Here are some interesting conjectures I would like to prove. For all positive integers $a=bc,m,n$ the following expressions are integers:
$$c\sum_{k=1}^{am}k\left\{\frac{kbn}{am}\right\}$$
$$\frac{1}{c}\sum_{k=1}^{bm}k\left\{\frac{kan}{bm}\right\}$$
where $\{x\}=x-\lfloor x\rfloor$ denotes the fractional part operator.
Can anyone prove these?
The statement is not true as long as the following code is valid for small $b,c,m,n$ (arithmetic errors, etc.):
pastebin c++ code
It outputs lots of counter-examples for both formulas.

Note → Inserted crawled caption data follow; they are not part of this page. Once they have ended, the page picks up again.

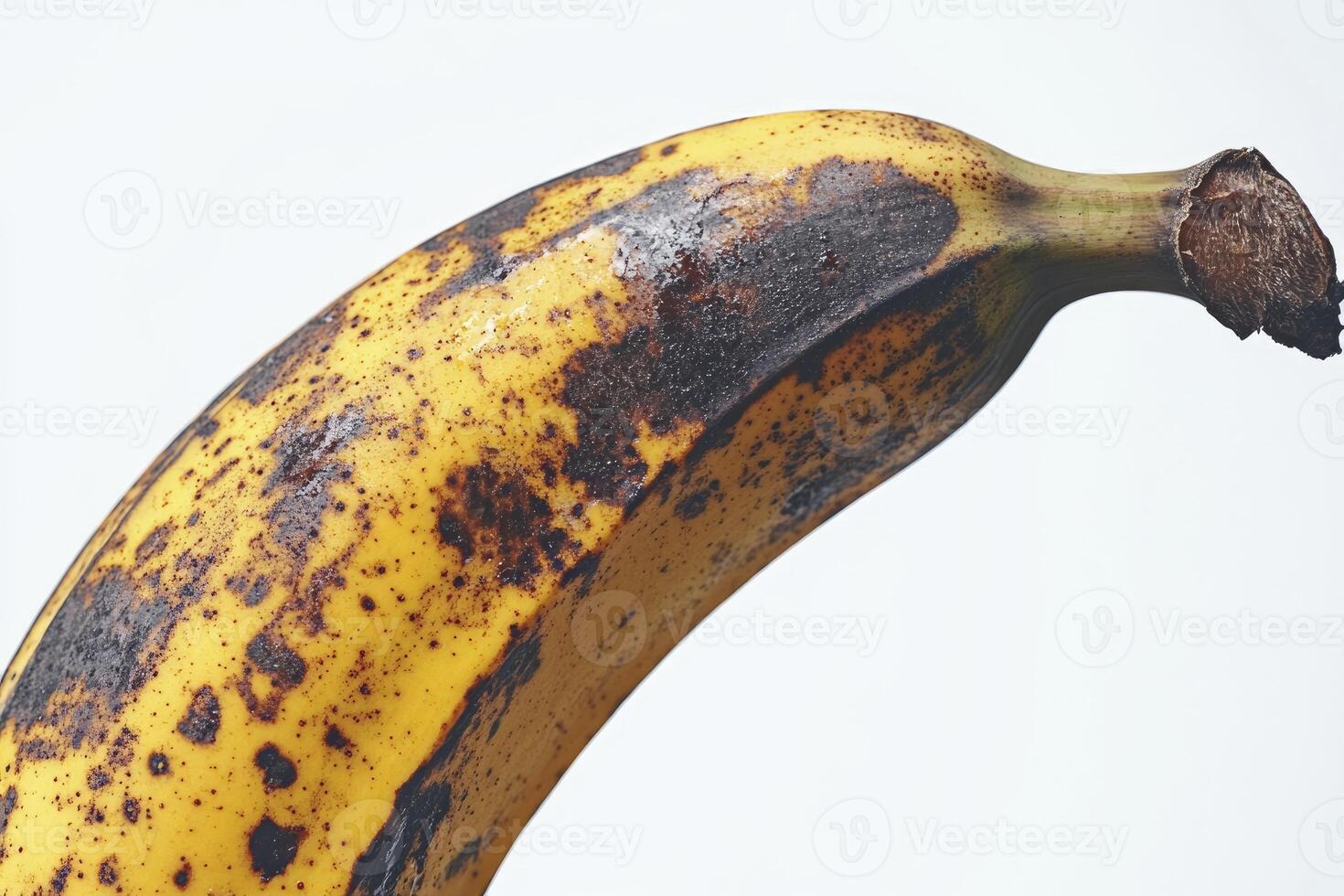 Close Up of a Ripe Banana Showing Spots on Peel photo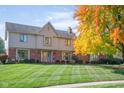 Two-story house with a brick and beige exterior, and nicely landscaped lawn at 4677 Bedford Ct, Carmel, IN 46033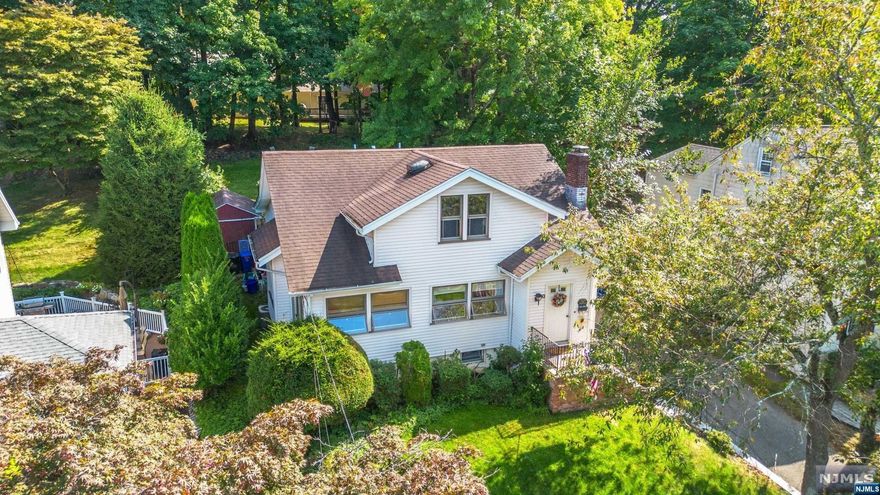 Drive down the sunny tree-lined street and make a stop to see this picture perfect home! Soak in the charm of this delightful 4 bedroom that boasts beautiful hardwood floors, flexible and spacious layout & an amazing neighborhood. Living room w/ wood burning fireplace, formal dining room, eat-in kitchen with plenty of countertops & SS appliances with adorable breakfast nook, mud room & bonus room (Den) on 1st floor. The 1st floor also has a Large bedroom (perfect Primary) w/2 closets plus a nicely updated full bathroom in hall. Upstairs you will find 3 additional bedrooms and a "coastal" inspired full bath w/ beautiful tile & large stall shower. Plenty of additional storage space in the full basement waiting to be finished with your personal touches & imagination! Enjoy the outdoors on the paver patio & large 2-tier yard. Proudly situated in Washington School District & close to the hustle and bustle of the "Ave," Caldwell's famous & vibrant downtown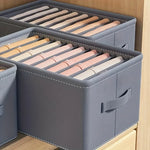 Boîte de rangement tissu verte utilisée dans un dressing organisé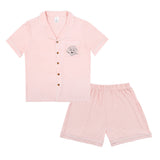 Premium women’s bamboo pajama set in light pink which contains a short sleeve shirt with buttons and a short pajama. Custom pet portrait on the chest pocket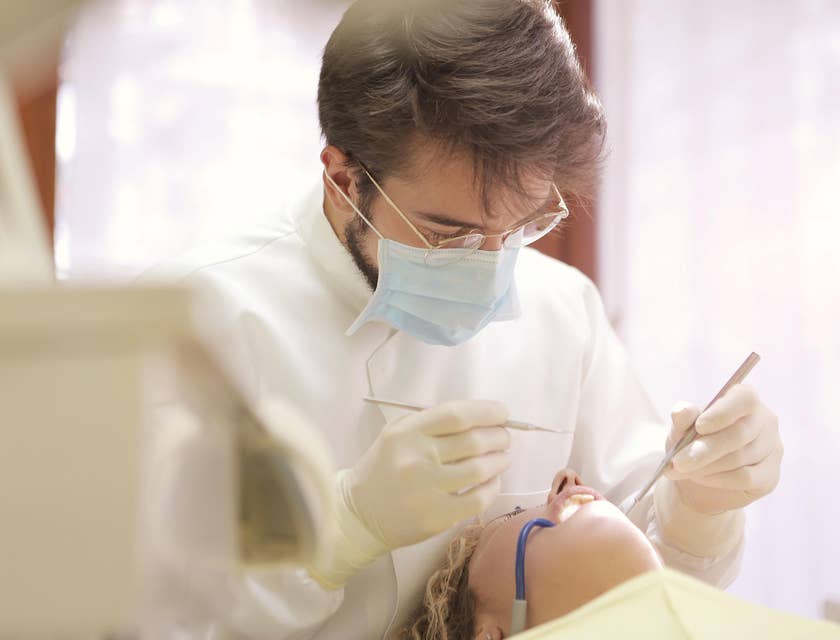 Prosthodontist performs dental implants on a patient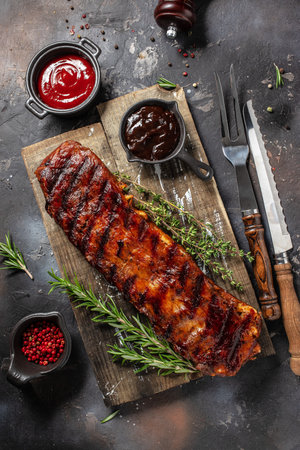hot grilled spare ribs BBQ served fresh tomatoes. Restaurant menu, dieting, cookbook recipe top view.の写真素材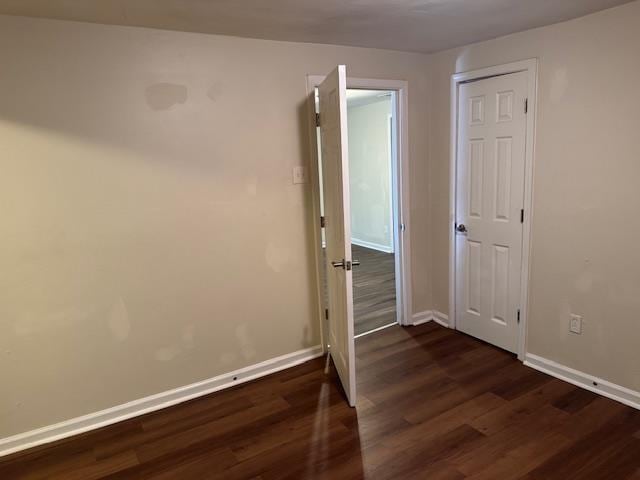 empty room featuring dark hardwood / wood-style floors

Though your original formula (multiples of $6$) from your deleted question, seems to be true.
First counter example of formula one (according to code) is $(b,c,m,n) = (1,1,2,1)$. On paper we have: $$ c\sum_{k=1}^{am}k\left\{\frac{kbn}{am}\right\} = \\ 1\cdot \sum_{k=1}^2 (k \cdot \left\{\frac{k}{2}\right\}) = \\ 1\cdot \{\frac{1}{2}\} + 2\cdot\{\frac{2}{2}\} = \\ \frac{1}{2} $$ There's a counterexample, QED.